When I heard another recording of the same piece years later, a few things went through mey head. First, of course: Oh, I love this piece. Then: the clarity of the surface was not quite like S-O B (heh-heh, get it? SOB). Also, the sound - Carlos used more reed-like tones. And it works very well. Other thoughts: the dynamics could be better...

...and then the musician repeated the first part. And I discovered: it's supposed to be played this way! And then the second part was repeated! "Air on the G String" has an A-A-B-B structure: simple, so elegant.

I'd played piano for 7 years, and percussion for about the same, but I hadn't realized the importance of repetition in music. The reason, I think, is simple: There was no rewind button in Bach's day - so it was worked into the system. And it still is, of course. A drumbeat is a rhythmic motif repeated continually, and it keeps a band together. A chorus weaves verses together.

Or, as in this piece, you get a chance to really appreciate the musical phrases; they don't just pass you by, you can take them in and remember them, savor the notes. In that respect, the parts are like soup - they get better the second time you heat it up.

So, pace Carlos, I wish they could've let you record it the right way, doing "Air" to the fullest. The move is understandable, though. Making an album has certain challenges: you're limited by the medium to how much you can play. CDs can hold almost an hour and a half, which is gigantic compared to vinyl. One LP can get some 20-24 minutes per side, tops. So I imagine they had to decide whether to record longer pieces or more - and the choice was more. In this one respect, I think the album is flawed.

Switched-On Bach
is still one of my all-time favorites, and always will be, but somehow it's nice to have observed the imperfections of things known youth. What's actually nice is, I don't mind that; I even like it.

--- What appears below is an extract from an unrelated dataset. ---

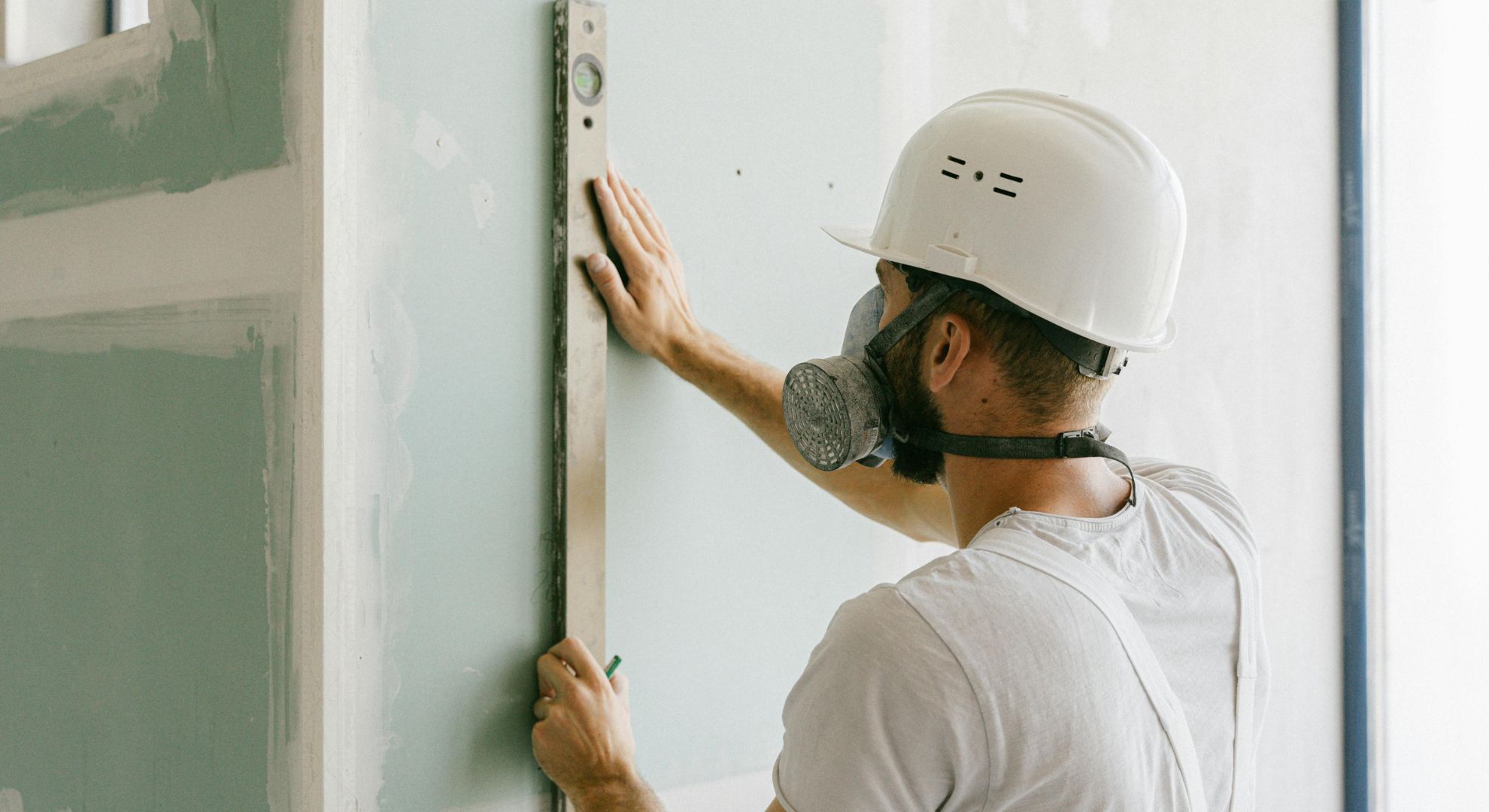 man holding a leveler to a wall man holding a leveler to a wall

When you're a kid, you know somehow that the world's been around a lot longer than you have. And somehow the world had authority: it was big. So grown-ups are perfect because they've been around - that's why they're the teachers and you're the student. When you grow up (and that takes some of us a little longer than others), you realize that grown-ups aren't so perfect. Never were, maybe never pretended to be. They've got problems, and the world has been fucked up pretty much always. But those things and people you loved then and now, you discover you didn't love them because they're perfect. You love them for what they are - and now, probably even more. And once you realize that, being human isn't so bad after all.

2 comments:

Jim S. said...

I think there's more to repetition than just the lack of a rewind button. There is an aesthetic pleasure in hearing how the end of a section leads back to its own beginning, and sometimes how (in sonata form) the variations resolve back into the original theme, but perfected. If it's done just right, it's almost impossible not to say "Aaaahhhh..." when you hear it, almost like people watching fireworks.

jacob longshore said...

I agree with you completely - something about the logic of a continuous musical system, to get geeky for a moment. A finely developed theme and variations does touch off feelings of the beautiful and sublime. And a really funky rhythm just wants to keep going, shaking its thang: call it an infinite game.

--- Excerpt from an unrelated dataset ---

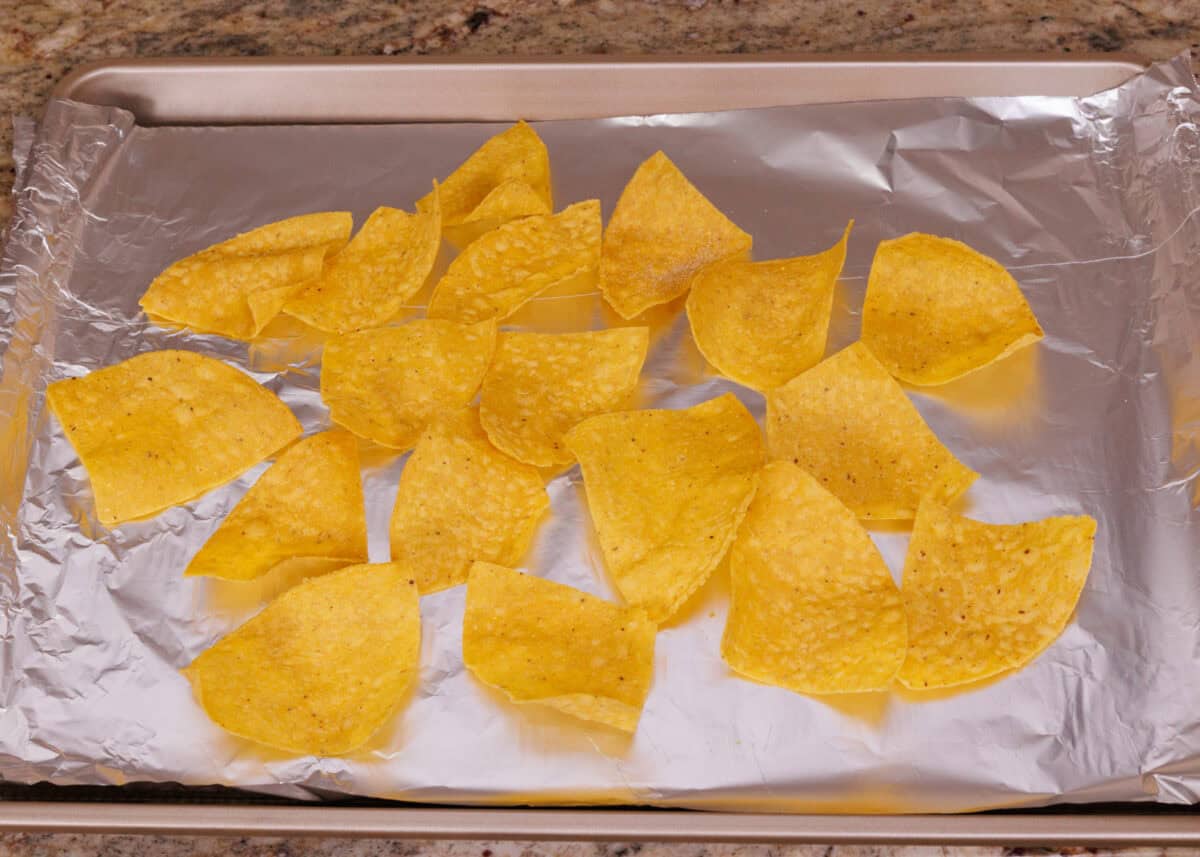tortilla chips spread out on a foil lined baking sheet.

The idea in this post highlights one aspect of repetition: you can't re-cognize something unless you re-turn to it. It suited my purposes, that's all. Qualifying the statement would have just made the prose clunkier than it already is, I think.

Your point seems to ride on the need for repetition: a theme can't be developed until it's been laid down at least once. That's how the variations can be appreciated - by playing off the theme.

To appreciate the theme alone, without appeal to variations, there's nothing to play off of, so a second hearing is needed. Hence the da capo, or da segno, or whatever.